Big Data/Analytics Zone is brought to you in partnership with:

I am a software architect working in service hosting area. I am interested and specialized in SaaS, Cloud computing and Parallel processing. Ricky is a DZone MVB and is not an employee of DZone and has posted 88 posts at DZone. You can read more from them at their website. View Full User Profile

What Hadoop is Good At

11.06.2009
| 16899 views |
  • submit to reddit

Hadoop is getting more popular these days. Lets look at what it is good at and what not.


The Map/Reduce Programming model

Map/Reduce offers a different programming model for handling concurrency than the traditional multi-thread model.

Multi-thread programming model allows multiple processing units (with different execution logic) to access the shared set of data. To maintain data integrity, each processing units co-ordinate their access to the shared data by using Locks, Semaphores. Problem such as "race condition", "deadlocks" can easily happen but hard to debug. This makes multi-thread programming difficult to write and hard to maintain. (Java provides a concurrent library package to ease the development of multi-thread programming)


Data-driven programming model feeds data into different processing units (with same or different execution logic). Execution is triggered by arrival of data. Since processing units can only access data piped to them, data sharing between processing units is prohibited upfront. Because of this, there is no need to co-ordinate access to data.

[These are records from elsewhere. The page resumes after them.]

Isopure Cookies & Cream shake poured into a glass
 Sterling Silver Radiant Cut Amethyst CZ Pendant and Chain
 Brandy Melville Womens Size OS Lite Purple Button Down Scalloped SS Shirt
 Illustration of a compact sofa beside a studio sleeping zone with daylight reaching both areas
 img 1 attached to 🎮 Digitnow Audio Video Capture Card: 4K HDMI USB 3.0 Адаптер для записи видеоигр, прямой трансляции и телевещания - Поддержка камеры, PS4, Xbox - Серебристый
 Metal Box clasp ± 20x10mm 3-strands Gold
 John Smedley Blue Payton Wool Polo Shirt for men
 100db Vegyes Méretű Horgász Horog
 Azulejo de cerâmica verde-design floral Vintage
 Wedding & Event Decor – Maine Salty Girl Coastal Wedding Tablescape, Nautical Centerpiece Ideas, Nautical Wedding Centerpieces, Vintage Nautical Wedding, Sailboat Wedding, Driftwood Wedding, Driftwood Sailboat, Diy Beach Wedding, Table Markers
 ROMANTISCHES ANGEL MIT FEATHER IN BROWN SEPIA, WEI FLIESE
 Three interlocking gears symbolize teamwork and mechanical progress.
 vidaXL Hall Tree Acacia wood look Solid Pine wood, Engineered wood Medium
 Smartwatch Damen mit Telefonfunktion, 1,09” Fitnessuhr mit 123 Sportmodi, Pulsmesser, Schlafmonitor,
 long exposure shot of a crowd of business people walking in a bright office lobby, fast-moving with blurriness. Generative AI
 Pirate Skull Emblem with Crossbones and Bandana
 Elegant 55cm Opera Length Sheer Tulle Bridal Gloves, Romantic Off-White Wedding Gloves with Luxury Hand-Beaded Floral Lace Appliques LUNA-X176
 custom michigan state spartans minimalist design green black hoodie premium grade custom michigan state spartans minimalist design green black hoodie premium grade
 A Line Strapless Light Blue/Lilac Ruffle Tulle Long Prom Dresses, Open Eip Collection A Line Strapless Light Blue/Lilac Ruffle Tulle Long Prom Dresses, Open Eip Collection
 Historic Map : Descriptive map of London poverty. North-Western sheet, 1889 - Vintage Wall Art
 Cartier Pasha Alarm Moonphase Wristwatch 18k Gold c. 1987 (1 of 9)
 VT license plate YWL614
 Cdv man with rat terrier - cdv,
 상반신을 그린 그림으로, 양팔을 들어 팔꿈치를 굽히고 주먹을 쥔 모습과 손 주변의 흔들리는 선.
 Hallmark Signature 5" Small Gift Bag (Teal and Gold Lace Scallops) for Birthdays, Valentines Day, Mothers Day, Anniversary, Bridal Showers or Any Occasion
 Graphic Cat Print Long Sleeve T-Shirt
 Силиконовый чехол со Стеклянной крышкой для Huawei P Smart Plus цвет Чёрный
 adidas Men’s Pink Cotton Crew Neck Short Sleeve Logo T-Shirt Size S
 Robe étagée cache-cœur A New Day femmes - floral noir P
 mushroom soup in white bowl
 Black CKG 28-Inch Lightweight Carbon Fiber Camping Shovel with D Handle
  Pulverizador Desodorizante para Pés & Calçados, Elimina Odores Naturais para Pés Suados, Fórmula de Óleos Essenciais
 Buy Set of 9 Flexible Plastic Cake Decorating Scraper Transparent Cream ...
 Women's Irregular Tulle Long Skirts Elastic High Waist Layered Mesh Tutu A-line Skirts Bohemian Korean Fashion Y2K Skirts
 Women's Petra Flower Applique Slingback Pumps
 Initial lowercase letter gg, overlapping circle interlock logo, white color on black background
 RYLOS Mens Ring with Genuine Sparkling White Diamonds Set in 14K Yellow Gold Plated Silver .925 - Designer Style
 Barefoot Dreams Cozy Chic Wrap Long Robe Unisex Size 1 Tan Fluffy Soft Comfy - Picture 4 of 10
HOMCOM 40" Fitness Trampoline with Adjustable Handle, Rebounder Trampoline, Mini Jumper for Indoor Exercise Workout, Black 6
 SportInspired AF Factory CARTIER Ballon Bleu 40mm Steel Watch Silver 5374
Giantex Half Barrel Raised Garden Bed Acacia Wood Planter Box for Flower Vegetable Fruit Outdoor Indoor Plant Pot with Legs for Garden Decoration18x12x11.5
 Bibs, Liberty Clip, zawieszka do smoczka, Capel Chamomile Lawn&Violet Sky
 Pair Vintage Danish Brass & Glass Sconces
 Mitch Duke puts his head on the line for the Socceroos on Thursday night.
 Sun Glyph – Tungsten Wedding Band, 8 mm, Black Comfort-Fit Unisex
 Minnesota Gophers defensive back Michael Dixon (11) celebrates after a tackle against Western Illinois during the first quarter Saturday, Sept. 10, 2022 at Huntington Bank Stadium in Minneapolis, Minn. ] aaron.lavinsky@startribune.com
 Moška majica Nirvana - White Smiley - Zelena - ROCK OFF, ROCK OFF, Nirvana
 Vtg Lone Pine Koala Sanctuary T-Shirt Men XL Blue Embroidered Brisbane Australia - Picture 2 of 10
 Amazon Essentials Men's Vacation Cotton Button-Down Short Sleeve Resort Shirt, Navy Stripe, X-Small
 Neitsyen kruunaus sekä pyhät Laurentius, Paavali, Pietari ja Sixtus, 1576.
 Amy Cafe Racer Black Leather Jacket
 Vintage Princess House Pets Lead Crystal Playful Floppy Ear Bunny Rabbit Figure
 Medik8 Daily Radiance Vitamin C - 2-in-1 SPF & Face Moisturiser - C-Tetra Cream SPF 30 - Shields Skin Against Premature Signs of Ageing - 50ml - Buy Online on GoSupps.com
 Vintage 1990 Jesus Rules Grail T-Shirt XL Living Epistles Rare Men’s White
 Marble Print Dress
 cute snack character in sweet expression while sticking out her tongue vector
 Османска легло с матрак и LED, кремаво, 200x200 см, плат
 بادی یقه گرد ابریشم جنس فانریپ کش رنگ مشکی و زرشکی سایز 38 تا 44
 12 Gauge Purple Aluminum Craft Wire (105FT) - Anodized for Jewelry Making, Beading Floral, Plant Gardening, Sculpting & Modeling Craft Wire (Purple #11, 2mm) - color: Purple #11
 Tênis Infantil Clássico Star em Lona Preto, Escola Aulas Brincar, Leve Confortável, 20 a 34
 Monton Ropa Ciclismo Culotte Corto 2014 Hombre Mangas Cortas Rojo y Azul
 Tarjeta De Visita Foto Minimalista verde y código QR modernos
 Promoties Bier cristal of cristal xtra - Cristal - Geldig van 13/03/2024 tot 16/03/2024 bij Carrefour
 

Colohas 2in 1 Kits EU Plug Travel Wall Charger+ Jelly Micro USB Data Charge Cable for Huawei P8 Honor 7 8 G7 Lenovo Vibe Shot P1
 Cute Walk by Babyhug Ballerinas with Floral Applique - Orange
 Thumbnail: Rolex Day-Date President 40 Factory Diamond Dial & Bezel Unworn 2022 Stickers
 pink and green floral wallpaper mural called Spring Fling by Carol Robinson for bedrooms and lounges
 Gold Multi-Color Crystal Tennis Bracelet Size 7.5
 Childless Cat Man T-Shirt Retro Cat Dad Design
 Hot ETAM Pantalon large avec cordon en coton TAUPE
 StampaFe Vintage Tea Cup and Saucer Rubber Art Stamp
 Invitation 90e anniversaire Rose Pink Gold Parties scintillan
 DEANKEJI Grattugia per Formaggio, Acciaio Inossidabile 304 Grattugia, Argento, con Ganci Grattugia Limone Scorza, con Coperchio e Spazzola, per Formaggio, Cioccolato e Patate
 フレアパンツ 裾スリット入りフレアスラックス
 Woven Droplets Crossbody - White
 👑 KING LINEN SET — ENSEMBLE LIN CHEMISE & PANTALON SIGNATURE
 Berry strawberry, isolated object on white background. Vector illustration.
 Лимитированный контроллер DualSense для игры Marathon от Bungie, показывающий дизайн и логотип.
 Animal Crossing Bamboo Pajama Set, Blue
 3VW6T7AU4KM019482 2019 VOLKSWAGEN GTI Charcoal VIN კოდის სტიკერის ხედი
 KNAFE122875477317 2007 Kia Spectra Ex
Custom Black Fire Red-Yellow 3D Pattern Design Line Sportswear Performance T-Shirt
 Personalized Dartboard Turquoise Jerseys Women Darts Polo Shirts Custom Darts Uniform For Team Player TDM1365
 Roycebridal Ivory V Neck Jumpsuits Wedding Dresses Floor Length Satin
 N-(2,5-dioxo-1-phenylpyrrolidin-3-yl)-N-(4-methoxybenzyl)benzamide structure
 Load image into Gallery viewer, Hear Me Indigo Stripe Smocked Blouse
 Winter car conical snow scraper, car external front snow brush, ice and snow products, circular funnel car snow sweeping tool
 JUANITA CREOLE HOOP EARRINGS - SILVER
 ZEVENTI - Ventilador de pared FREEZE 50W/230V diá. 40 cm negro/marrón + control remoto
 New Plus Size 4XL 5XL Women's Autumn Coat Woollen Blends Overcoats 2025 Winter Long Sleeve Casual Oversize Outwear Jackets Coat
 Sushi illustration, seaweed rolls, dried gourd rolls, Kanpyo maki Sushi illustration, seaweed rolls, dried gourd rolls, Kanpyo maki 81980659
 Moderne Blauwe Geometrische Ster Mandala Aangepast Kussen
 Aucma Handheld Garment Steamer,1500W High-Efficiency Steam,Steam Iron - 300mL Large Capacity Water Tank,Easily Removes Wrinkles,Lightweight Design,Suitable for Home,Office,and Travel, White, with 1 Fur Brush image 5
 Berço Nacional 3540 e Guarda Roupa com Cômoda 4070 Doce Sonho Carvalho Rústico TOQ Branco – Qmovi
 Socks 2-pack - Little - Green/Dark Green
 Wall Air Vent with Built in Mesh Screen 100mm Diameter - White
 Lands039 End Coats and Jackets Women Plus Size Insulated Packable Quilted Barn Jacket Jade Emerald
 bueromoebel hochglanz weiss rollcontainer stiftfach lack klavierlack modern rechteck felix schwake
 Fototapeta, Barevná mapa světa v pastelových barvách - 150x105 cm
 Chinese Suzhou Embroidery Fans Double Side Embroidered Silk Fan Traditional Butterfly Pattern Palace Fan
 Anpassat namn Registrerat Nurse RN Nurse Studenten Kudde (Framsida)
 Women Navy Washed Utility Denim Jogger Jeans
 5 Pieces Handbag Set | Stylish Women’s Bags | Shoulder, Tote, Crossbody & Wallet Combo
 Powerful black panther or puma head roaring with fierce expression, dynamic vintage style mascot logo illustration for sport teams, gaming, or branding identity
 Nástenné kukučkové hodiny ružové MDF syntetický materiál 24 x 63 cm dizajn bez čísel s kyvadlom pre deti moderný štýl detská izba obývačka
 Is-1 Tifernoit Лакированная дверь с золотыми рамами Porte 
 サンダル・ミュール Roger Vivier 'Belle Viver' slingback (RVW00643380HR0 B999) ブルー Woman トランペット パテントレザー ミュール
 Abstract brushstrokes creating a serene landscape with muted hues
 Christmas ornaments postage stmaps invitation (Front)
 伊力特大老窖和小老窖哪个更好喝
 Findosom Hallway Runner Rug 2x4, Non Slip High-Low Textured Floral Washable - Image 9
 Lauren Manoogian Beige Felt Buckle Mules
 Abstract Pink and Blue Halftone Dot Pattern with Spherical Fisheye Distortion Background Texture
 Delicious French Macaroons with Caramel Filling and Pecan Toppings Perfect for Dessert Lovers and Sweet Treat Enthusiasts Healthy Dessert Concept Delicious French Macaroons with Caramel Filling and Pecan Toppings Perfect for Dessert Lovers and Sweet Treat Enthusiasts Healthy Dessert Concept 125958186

This doesn't mean there is no co-ordination for data access. We should think of the co-ordination is done explicitly by the graph. ie: by defining how the nodes (processing units) are connected to each other via data pipes.

Map-Reduce programming model is a specialized form of data-driven programming model where the graph is defined as a "sequential" list of MapReduce jobs. Within each Map/Reduce job, execution is broken down into a "map" phase and a "reduce" phase. In the map phase, each data split is processed and one or multiple output is produced with a key attached. This key is used to route the outputs (of the Map phase) to the second "reduce" phase, where data with the same key is collected and processed in an aggregated way.

Note that in a Map/Reduce model, parallelism happens only within a Job and execution between jobs are done in a sequential manner. As different jobs may access the same set of data, knowing that jobs is executed serially eliminate the needs of coordinating data access between jobs.

Design application to run in Hadoop is a matter of breaking down the algorithm in a number of sequential jobs and then exploit data parallelism within each job. Not all algorithms can fit in to the Map Reduce model. For a more general approach to break down an algorithm into parallel, please visit here.

Characteristics of Hadoop Processing

A detail explanation of Hadoop implementation can be found here. Basically Hadoop has the following characteristics ...

  • Hadoop is "data-parallel", but "process-sequential". Within a job, parallelism happens within a map phase and a reduce phase. But these two phases cannot be run in parallel, the reduce phase cannot be started until the map phase is fully completed.
  • All data being accessed by the map process need to be freezed (update cannot happen) until the whole job is completed. This means Hadoop processes data in chunks using a batch-oriented fashion, making it not very suitable for stream-based processing where data flows in continuously and immediate processing is needed.
  • Data communication happens via a distributed file system (HDFS). Latency is introduced as extensive network I/O is involved in moving data around (ie: Need to write 3 copies of data synchronously). This latency is not an issue for batch-oriented processing where throughput is the primary factor. But this means Hadoop is not suitable for online access where low latency is critical.

Given the above characteristics, Hadoop is NOT good at the following ...

  • Perform online data access where low latency is critical
  • Perform random ad/hoc processing of a small subset of data within a large data set
  • Perform real-time, stream-based processing where data is arrived continuously and immediate processing is needed.

From http://horicky.blogspot.com

Published at DZone with permission of Ricky Ho, author and DZone MVB.

(Note: Opinions expressed in this article and its replies are the opinions of their respective authors and not those of DZone, Inc.)

Comments

Geertjan Wielenga replied on Fri, 2009/11/06 - 7:04am

FYI, there's also Karmasphere Studio for Hadoop: http://www.hadoopstudio.org/

Dhaval Nagar replied on Sat, 2009/11/07 - 5:02pm

very simple explanation of very complex subject. good article.

Joay Sim replied on Sun, 2013/02/17 - 1:41am

Enclavia Website

 Great survey, I'm sure you're getting a great response.

      

Ron Sim replied on Wed, 2013/02/27 - 7:44am in response to: Geertjan Wielenga

 Wonderful illustrated information. I thank you about that. No doubt it will be very useful for my future projects. Would like to see some other posts on the same subject!

             teeth implants uk

Vijay Bhaskar replied on Sun, 2013/10/13 - 4:28am

Sometimes I observed that the reduce jobs starts after 96% completions of map jobs. However the reduce jobs should start only after the completion of map jobs. Can you please let me know in which cases the reduce jobs starts before the completion of map jobs.

It jobs

Comment viewing options

Select your preferred way to display the comments and click "Save settings" to activate your changes.